Lain halnya jasa para Nabi, tokoh pendiri agama. Nama2 Nabi dan tokoh2 pendiri agama dibesarkan oleh institusi dan jemaat yang mengikuti isi kitab suci mereka. Carter tidak punya kitab suci, maka lestari namanya hanya dalam lembaran kitab sejarah. Tradisi belasungkawa kita (Muslim) memang berbeda dengan tradisi Kristen. Muslim Muhammadiyah ingin setiap jenazah cepat2 dikebumikan, kadang2 tak sempat menunggu hadir anak kandungnya yang masih di luar negeri, air mata anaknya berderai di seberang laut karena tak sempat melihat jasad orang tuanya buat terakhir kalinya, tidak ada tahlilan kematian, tidak ada karangan bunga berjejer sepanjang jalan. Lain padang lain belalang, lain lubuk lain ikannya, kata pepatah juga. Yang berlainan itu adalah tradisinya, cara berpikirnya, keyakinannya, tetapi roh tetap semua kembali kepada Pencipta roh. Innaa lillahi wa innaa ilaihi roji’un (Kita semua milik Allah dan semua akan kembali kepada Allah).

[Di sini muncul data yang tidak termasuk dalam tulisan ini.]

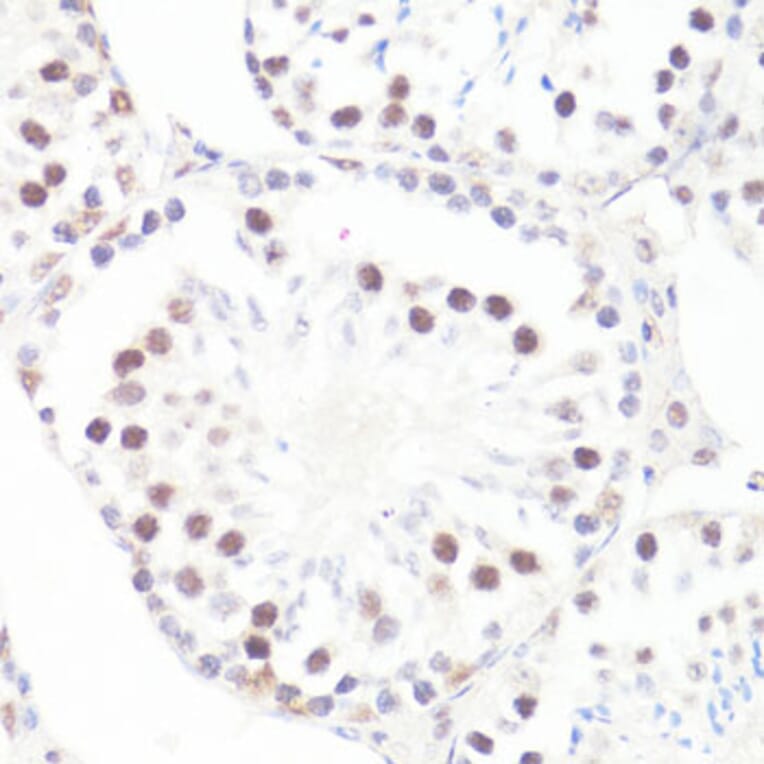 Immunohistochemistry - Anti-c-Myc (phospho Ser62) Antibody (A12455) - Antibodies.com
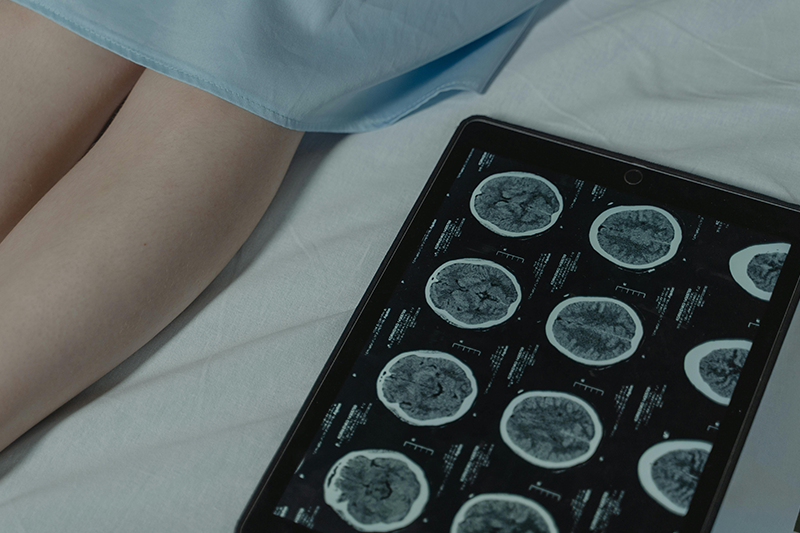 A patient lies on a hospital bed in a light blue gown. Only their shins are shown. Next to their legs lies some black and white brain scans.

Hikmah (Significance of Issue). Waktu kuliah di McGill, Canada saya pernah bertanya pada teman kuliah saya Fuad Jabali, apa sih maksud Prof. Donald Little dengan Siginificance of Issue? Penting sekali ditulis di setiap akhir artikel (mata kuliah Sejarah) bagi Prof. Little. Rupanya Significance of Issue itu = Hikmah yang bisa diambil, ia berbeda dari Kesimpulan artikel. Nah apa Significance of Issue dari tulisan sekarang? Umur Carter sempat panjang mencapai 100 tahun, kenapa? Terlepas dari ketentuan Tuhan (ajal), tetapi pengalaman menunjukkan bahwa orang2 yang sering membaca (buku, kitab suci, dll) dihari tua, berpikiran cerah, olah raga, tidak tertekan perasaan, ternyata mayoritas hidup lama. Bukti selain Carter, filosuf Gadamer tutup usia 102 th. Ratu Elizabeth tutup usia 96 th, Kaisar Jepang Hirohito 88 th. Tetapi mengapa mayoritas orang2 yang tertekan perasaan (menderita batin) terbukti cepat mati? Buktinya, Syah Iran mati cepat di Mesir setelah lari ketakutan dikejar tentera Khomeini, dan saya sempat duduk termenung dekat kuburannya di Mesir. Idi Amin (Presiden diktator Uganda) lari ketakutan dan mati cepat di Jeddah. Ferdinand Marcos (Presiden Filipina), dituduh korupsi, digulingkan Aquino, melarikan diri ke Honolulu, Hawaii dan mati cepat di sana. Napoleon Bonaparte (51 th) pemimpin Perancis terkenal, ditangkap tentera Inggeris, lalu diasingkan dan mati cepat di pulau Helena. Soekarno tidak lama mati pula setelah diasingkan oleh Soeharto yang, katanya, dapat Surat Perintah Sebelas Maret (Supersemar). Saya pernah baca majalah, sedih isinya, dimana Megawati kecil dikirimi biscuit kaleng oleh seseorang, dan di lapisan bawah biscuit diselipkan duit untuk belanja harian Soekarno, agar lolos tidak diperiksa petugas jaga. Sutan Batugana (politisi Partai Demokrat SBY), dipenjarakan oleh KPK dan akhirnya cepat mati, demikian pula nasib mantan Gub. Papua Lukas Enembe. Bahkan ada pula tetangga saya malu super malu pada orang kampung karena 2 puterinya diketahui hamil di luar nikah, dan kedua orang tuanya cepat pula mati. Semua mereka berumur pendek nampaknya setelah ‘tertekan perasaan’. Tertekan perasaan membuat makan tak enak, tidur tak nyenyak. Anda, terutama lansia dan pensiunan PNS, janganlah mengikuti jejak mereka pula! Memang kita semua punya ‘persoalan hidup’, tetapi jangan sampai ‘persoalan hidup’ mengakhiri hidup!
Sekian dulu pembaca tulisan saya yang setia, yang muda dan lansia. Terimakasih telah membaca. Mohon maaf bila ada kata2 yang salah. Pamit, Wassalam, Amhar Rasyid.